▶ _Task statement_
Beginning with the line that contains "Gold-plated Nataraja statue, intricately", copy each subsequent line of the data below through the last one, including both ends but not the pictures.

▶ _Data supplied_
=== Begin Enclosure ===

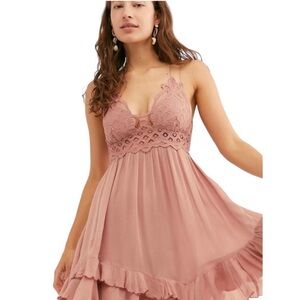 Free People Pink Asymmetrical Babydoll Dress for Night Out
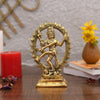 Gold-plated Nataraja statue, intricately crafted metal idol of Lord Shiva, showcasing divine energy and grace, ideal for home decor and altars.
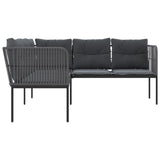 NNEVL Garden Sofa with Cushions L-shaped Black Steel and Textilene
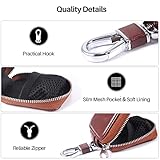 MRPLUM Earbud Carrying Case Small Compatible with PU Leather Hard Portable Earphone Case Protective Storage Pouch Bag with Mesh Pocket & Keychain for Wireless Headphone USB Cable (Brown)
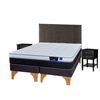 Cama Europea Flex 2 Plazas Nexus Base Dividida + Respaldo Design Grafito + Veladores Rover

=== End Enclosure ===

▶ _Written solution_
 Gold-plated Nataraja statue, intricately crafted metal idol of Lord Shiva, showcasing divine energy and grace, ideal for home decor and altars.
 NNEVL Garden Sofa with Cushions L-shaped Black Steel and Textilene
 MRPLUM Earbud Carrying Case Small Compatible with PU Leather Hard Portable Earphone Case Protective Storage Pouch Bag with Mesh Pocket & Keychain for Wireless Headphone USB Cable (Brown)
 Cama Europea Flex 2 Plazas Nexus Base Dividida + Respaldo Design Grafito + Veladores Rover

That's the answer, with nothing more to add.